Down From The Mountain Review
The story:We all knew that the Coens loved their soundtracks - The Big Lebowski was arguably one of the best soundtracks put together in the 90s mostly thanks to the encyclopedic genius of T-Bone Burnett so unsurprisingly with their followup, Oh Brother where art thou, they once again worked with T-Bone and the result became a multi-platinum record. Before the film was released, the Coens had the excellent idea of organising a concert of the soundtrack in the Ryman Auditorium (Nashville, Tennessee) and had the even better idea to get the legendary documentary maker D.A. Pennebaker to film the entire proceedings. The assembled lineup for fans such as myself is the equivalent of a dream come true, with the old stars of the genre performing alongside the young guard who are set to preserve and embellish this beautiful music.
The film is filmed in Pennebaker's trademark "fly-on-the-wall" style - the characters seem quite oblivious to the fact they're being filmed and act with the camera as they'd interact with a normal person. The film starts with the preparations and the dress-rehearsal the day before the concert with Pennebaker filing the musicians relaxing, arranging and performing the songs as well as talking about various things such as Emmylou Harris' passion for Baseball to stagefright. After about 25 minutes of this, we get to the concert with the late John Hartford acting as MC and Holly Hunter introducing the show. The concert filming is not as conservative as one would expect given the style (although we are miles away from MTV!) with quite a few cameras being used simultaneously and quite a bit of cutting backstage - despite this, the cinematography thankfully doesn't get in the way but rather enlivens the experience giving a clear zest and vigour.
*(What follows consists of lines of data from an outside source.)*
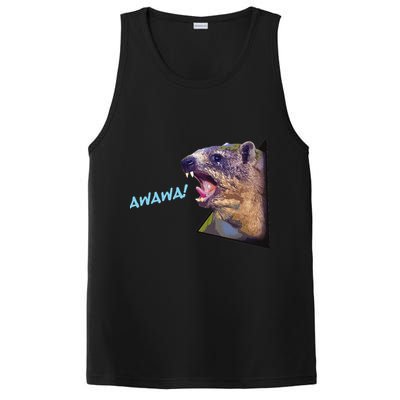 Mama Hyrax Screaming Mom Hyrax PosiCharge Competitor Tank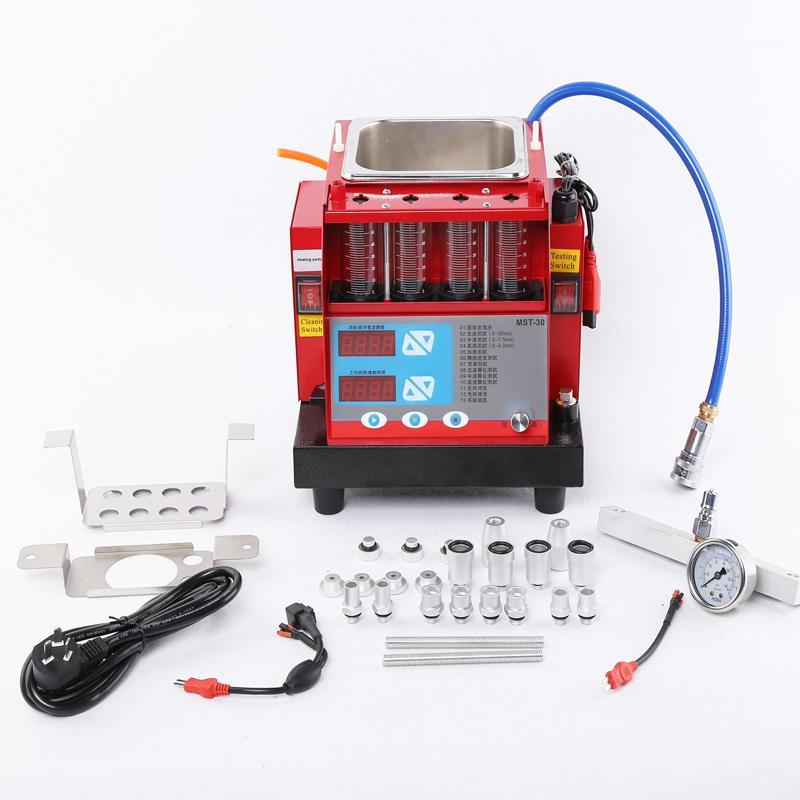 

New Original MST-30 4 Cylinder Car Ultrasonic cleaning Machine Fuel Injector tester and Cleaner for Motorcycle and Gasoline Car1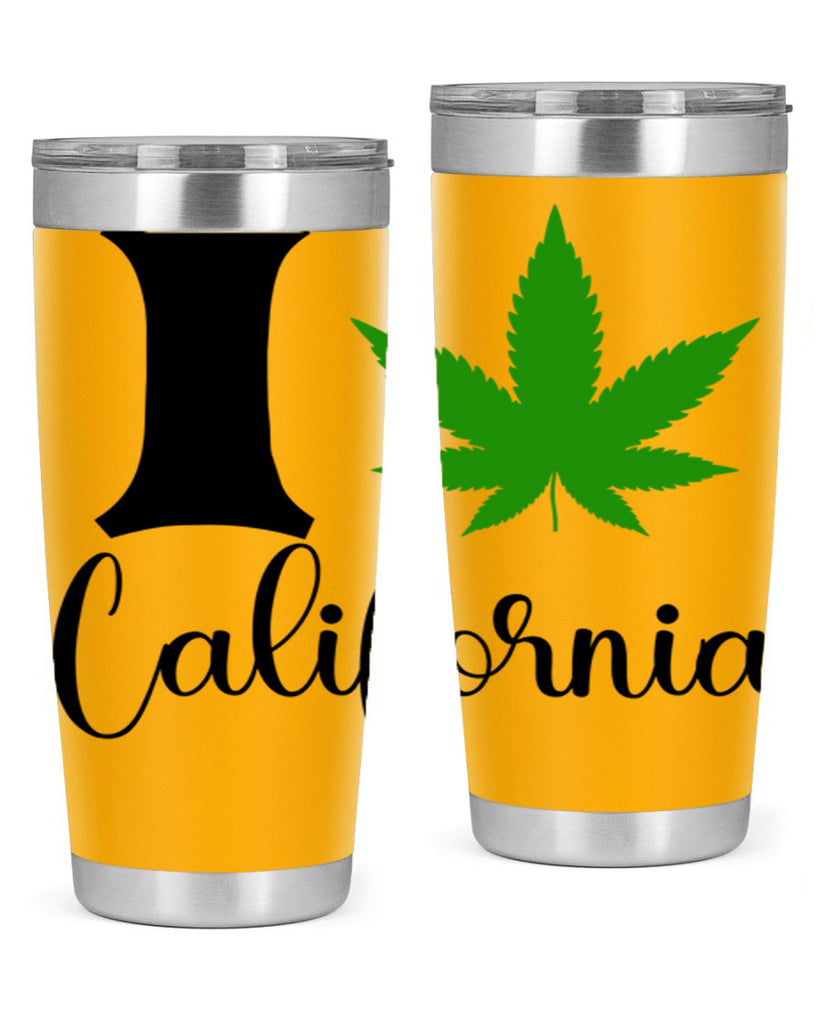 i weed california 133#- marijuana- Tumbler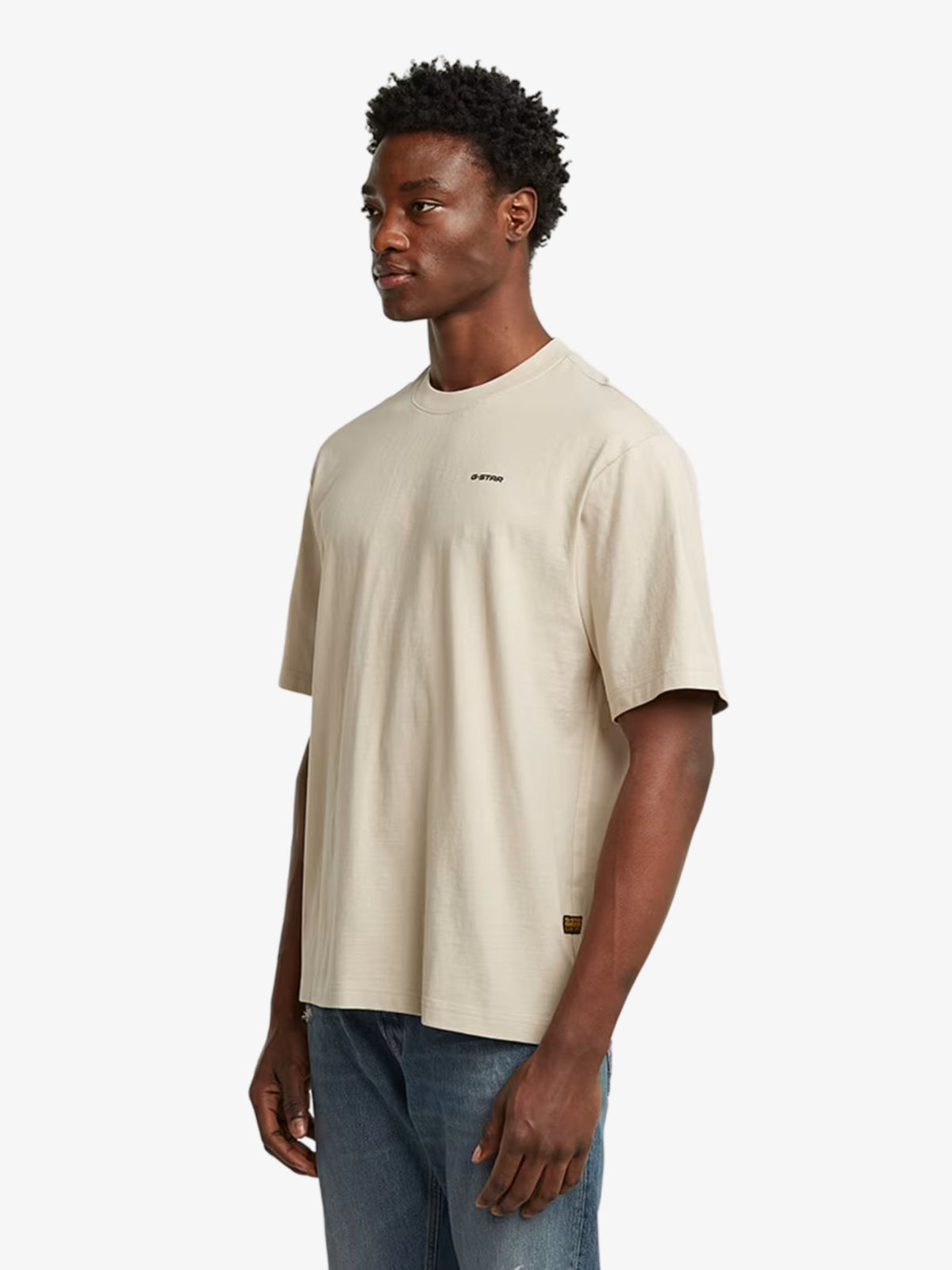 G-Star Boxy Base T-Shirt | Dk Brick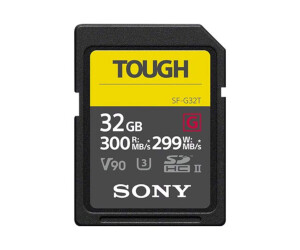 Sony SF-G Series Tough SF-G32T-Flash memory card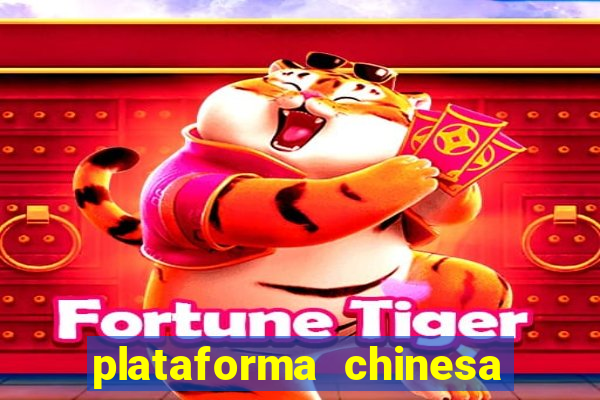 plataforma chinesa de jogos online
Of course, the music itself is a matter of taste and given the lukewarm interest there is for country music in the UK, one can only hope that people will start to see that there is more to it than line-dancing and 5-gallon hats. Although probably not as mesmerising in style as Buena Vista Social Club nor as groundbreaking as Pennebaker's own Dylan documentary (Don't look back), this is still a very good film of (and around) a concert which is well worth the detour for die-hard fans and neophytes alike.
The image:The image is full frame which as far as I can make out is the correct format given that it was filmed on digital video and the framing doesn't seem too claustrophobic. Still the R1 release is supposed to be widescreen so I'm not 100% sure of this one. As for the image quality, it's what one can expect from the digital video medium: nowhere near as sharp and precise as celluloid but still nice to look at and with a more "real" feel to it. The colours scream a little at times which in come ways is a blessing given the bland colour spectrum some DV recorded films have. As for artifacting, I didn't see any that was not already in the original medium. So an adequate transfer given the shortcomings of the original material.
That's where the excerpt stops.